Princeton’s collections of modern and contemporary art are continually evolving, offering an increasingly expansive representation of art after 1945 and supporting the work of contemporary artists. Now including art made in all media from artists across the globe, the scope of the collections area has grown and diversified since the Museum began to collect modern art in the late 1940s. The early holdings in postwar art were shaped largely by gifts, many from artists themselves—including works by Lee Bontecou, Sam Gilliam, Yayoi Kusama, Alice Neel, and Princeton alumnus Frank Stella—many donated in the 1970s in memory of the art historian and curator William C. Seitz, Graduate School Class of 1955. These gifts arrived alongside those of Willem De Kooning’s Black Friday and Andy Warhol’s Blue Marilyn, the latter one of many donations from alumnus Alfred Barr, which respectively marked postwar abstraction and Pop art as collection strengths. Beyond the Museum’s walls, a 1968 gift endowing the John B. Putnam Memorial Collection filled the University campus with outdoor sculptures and works of public art by artists such as Alexander Calder, Henry Moore, and Louise Nevelson.
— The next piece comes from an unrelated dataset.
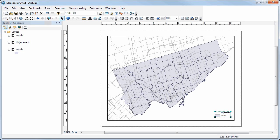In this demonstration I'm going to show you how to add labels to a map and to customize them. In this example we have two layers in the map: the Toronto City wards and major roads for the city.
Since the 1990s, and especially since the appointment in 2007 of the Museum’s first curator dedicated to modern and contemporary art, the collections have been inflected by a global expansiveness and a systematic approach to collecting. Under the Haskell Curator of Modern and Contemporary Art, a position endowed in 2010, strategic acquisition initiatives, important gifts, and the implementation of the Sarah Lee Elson, Class of 1984, International Artist-in-Residence Program have introduced art by African and African diasporic, Asian, Asian American, Indigenous North American, Latin American, Latinx, and Middle Eastern artists, supporting the University’s ever-expanding teaching mission. Enriching the Museum’s holdings by women artists has been a sustained collecting emphasis for some twenty years. In addition to recent acquisitions of works for the collection by María Magdalena Campos-Pons, Byron Kim, Titus Kaphar, Wangechi Mutu, Pat Steir, and Marie Watt, among many others, the Museum engages the art of our time by commissioning artworks for the University campus from such artists as Maya Lin, Odili Donald Odita, Ursula von Rydingsvard, Richard Serra, and Shahzia Sikander.
Modern and contemporary art at Princeton—often acquired collaboratively across collections areas given its geographic reach and material diversity—can also be found in the collections of African art, Asian art, Latin American art, Photography, and Prints and Drawings.